Subverting Scotland's Past Published online by Cambridge University Press: 08 March 2010
This study considers the origins of some of the puzzling features of national identity in modern Britain. Prominent among these is the failure of almost three centuries of Anglo-Scottish union to generate a comprehensively ‘British’ conception of national identity. Instead, in its political manifestations, ‘Britishness’ is Anglo-British, dependent on a historical allegiance to England's evolving constitution of crown and parliament. Outside Ireland, this ‘whig’ self-image has proved remarkably durable, enthralling even socialists, whose curious lack of hostility to the monarchy the Marxist-nationalist revisionist Tom Nairn has attributed to acquiescence in the English constitutional model of the seventeenth century and the avoidance of a modern nationalistrepublican revolution of the French type.

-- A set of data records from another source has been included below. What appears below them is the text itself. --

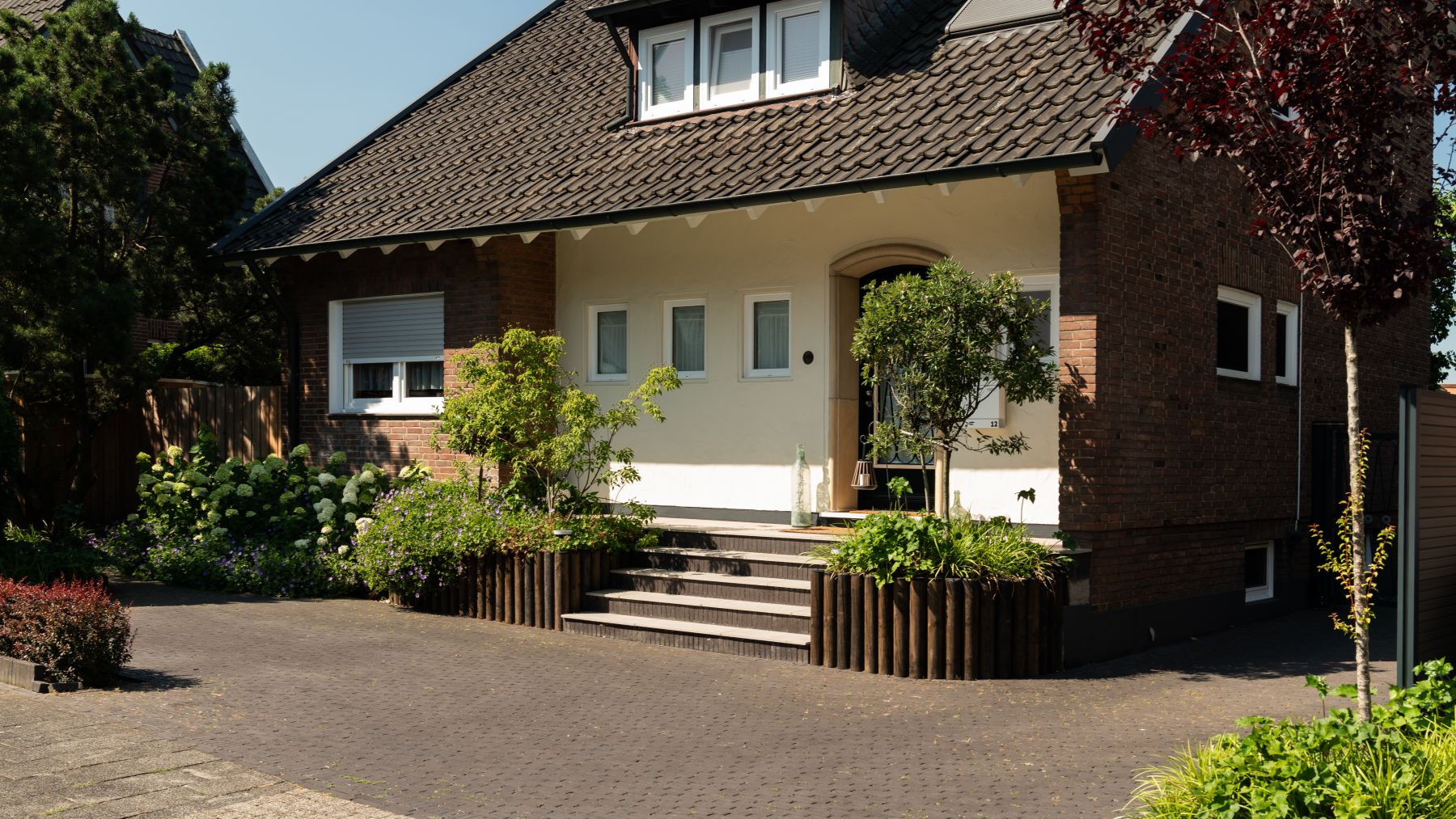 9.4 Garten voller Leben - üppige Bepflanzung trifft auf stilvolle Gestaltung in Bocholt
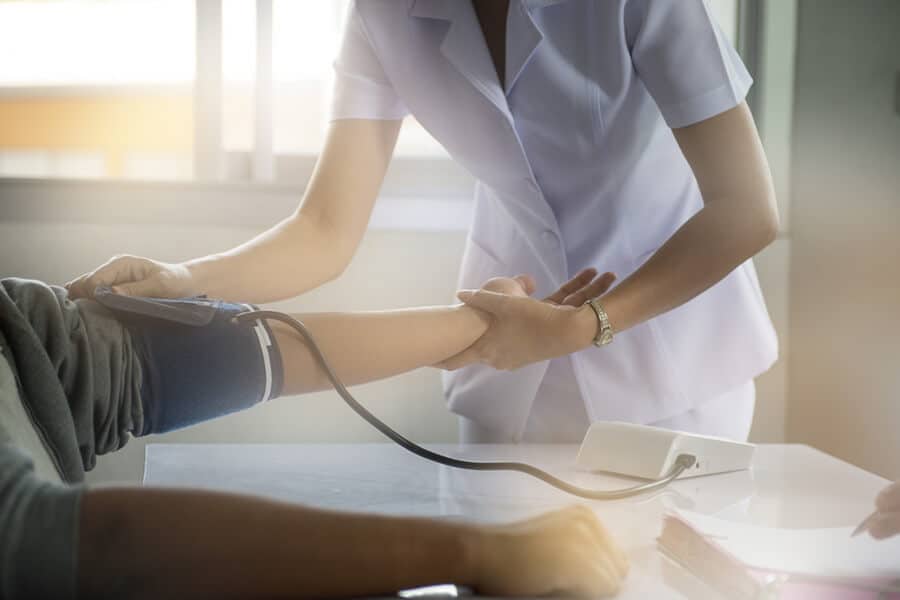 General nurse meassuring a blood pressure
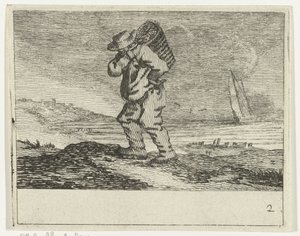 Paysage de dunes avec un pêcheur
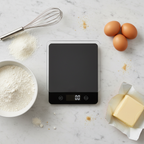 Lifestyle — overhead flatlay of black digital kitchen scale surrounded by eggs, flour bowl, butter, and whisk on white marble — editorial for visual context only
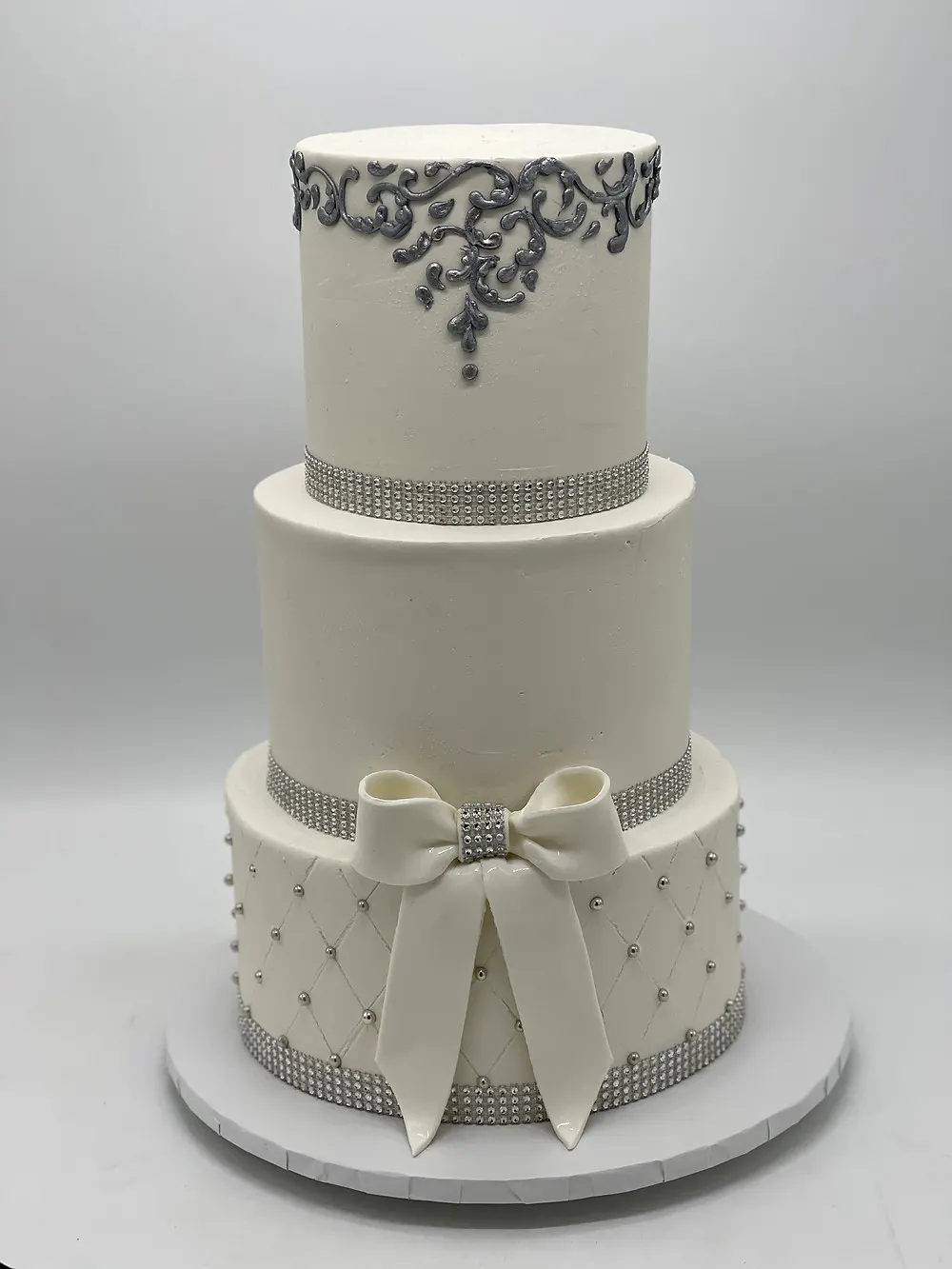 Photo of a 3 tier white wedding cake with white and silver design elements made by CakEffect in Hoover, AL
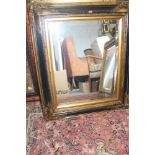 A rectangular wall mirror with bevelled plate and ebonised and gilt frame, 15" x 19"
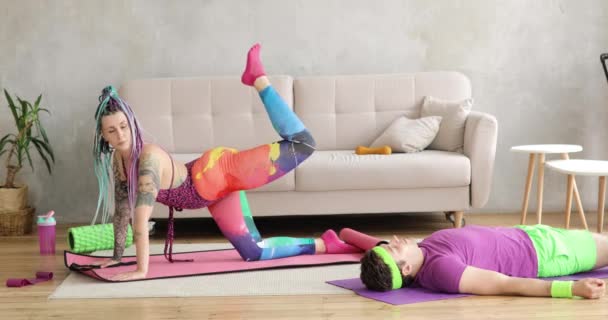 Woman doing sport exercise for legs on mat, man lying resting on mat near her. — Stock Video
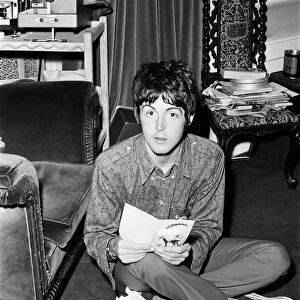 Paul McCartney of The Beatles sitting on the floor cross legged as he opens up birthday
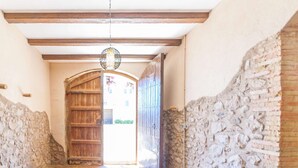 Un pasillo estrecho con una puerta de madera y una pared de piedra a un lado.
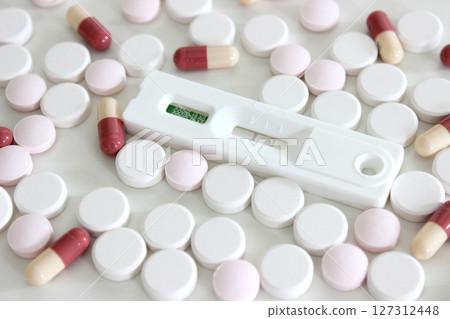 Positive test result of Covid-19 antigen test kit and drugs isolated on the white background 127312448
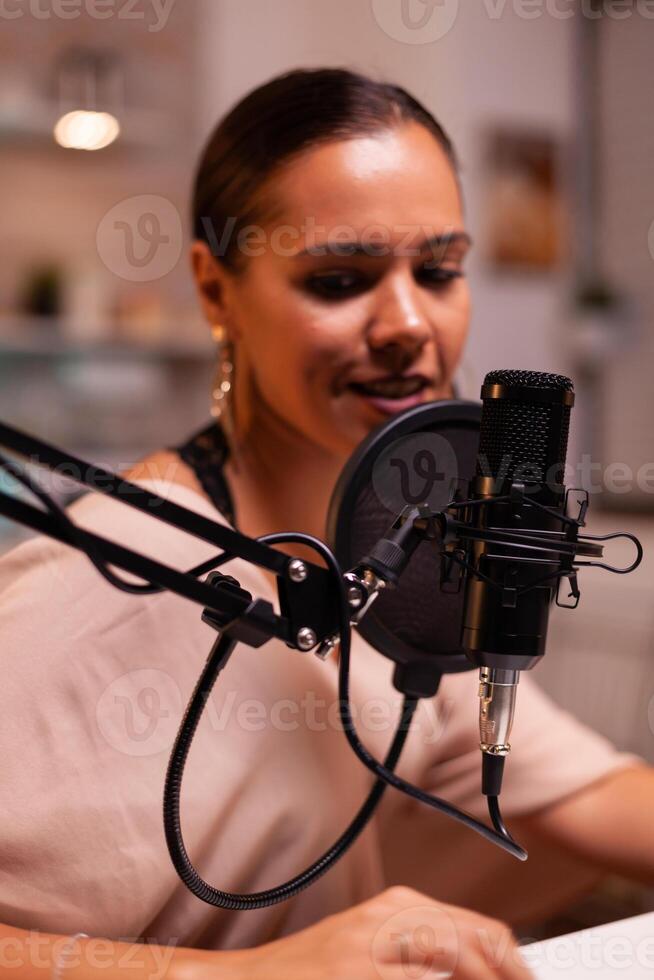 Close up of social media star talking in the microphone. Creative online show presenter, On-air online production internet broadcast show host streaming live content, recording digital social media photo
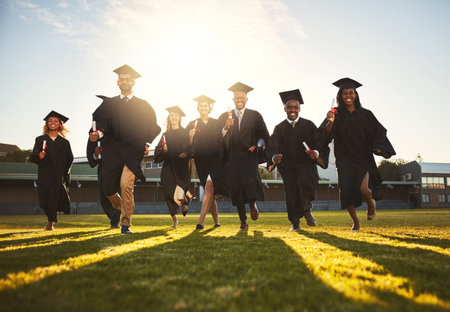 The future belongs to us. a group of university students running after being graduated.の写真素材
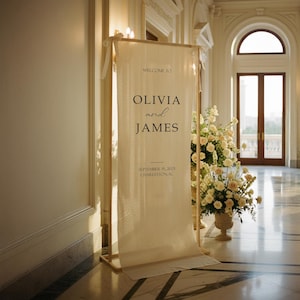 Puede incluir: Un cartel de bienvenida de boda color crema con los nombres Olivia y James, y la fecha 15 de septiembre de 2025, en Charleston, SC. El cartel se muestra en un marco de madera, con arreglos florales cerca.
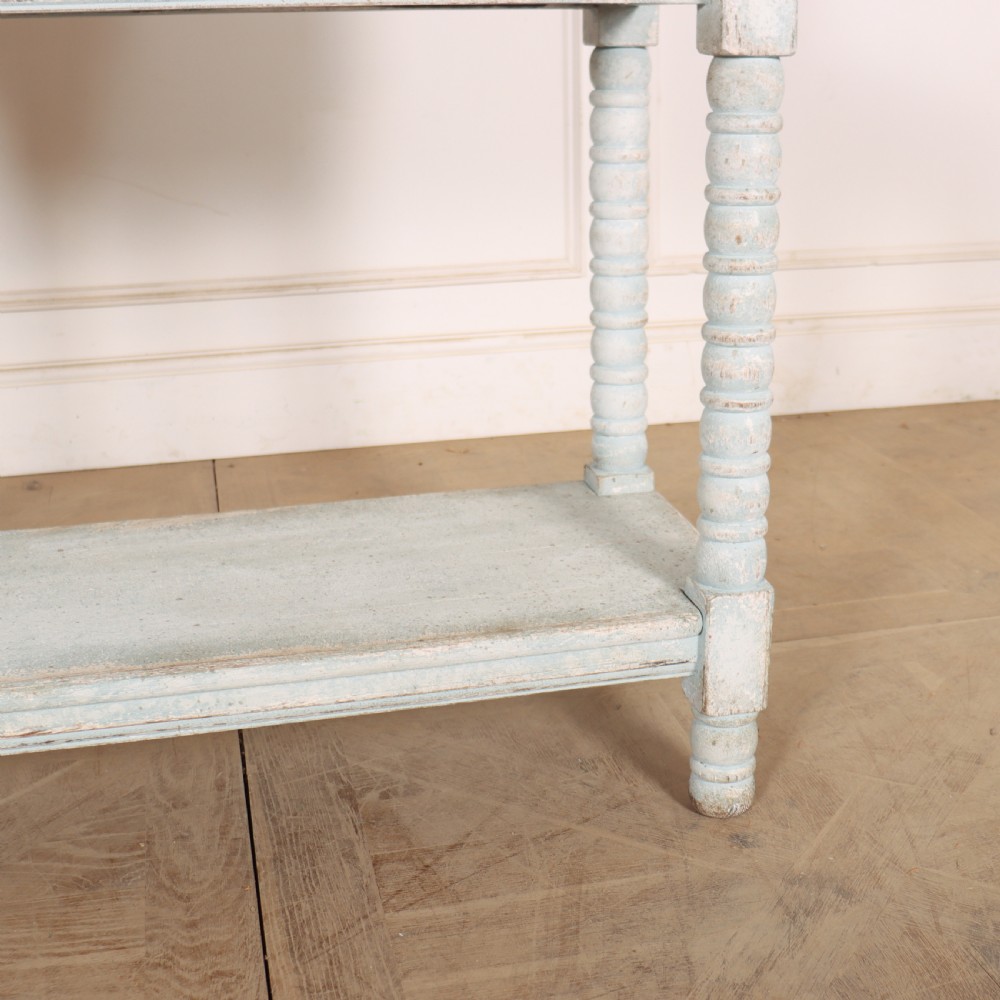An antique painted wooden washstand featuring bobbin turned legs, a lower shelf, a pale blue distressed finish, and a white marble top with a splashback. View IV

Anglo-Britishness is almost as pervasive in Scotland as in the English heartland of the United Kingdom. This ready acceptance of English ideals in Scottish political culture is almost certainly connected to an ideological non-occurrence in Scotland's modern history whose causes pose a second historical problem for this study. During the nineteenth century, the Scots, unlike the Irish, Italians, Hungarians, Poles and most of the other historic nations of Europe who, at that stage, lacked full political autonomy, missed out on the development of a full-blown ‘romantic’ nationalism. A retarded nationalist movement did develop in the second half of this century, but remains the party of a minority.
Nairn has investigated this problem via the socioeconomic perspective afforded by the modernisation theories of Ernest Gellner. Gellner interprets nationalism as a modern phenomenon arising out of the impact on traditional cultures of industrialisation and the attendant state-sponsored mobilisation of the infrastructure, including the provision of a basic schooling in numeracy and literacy.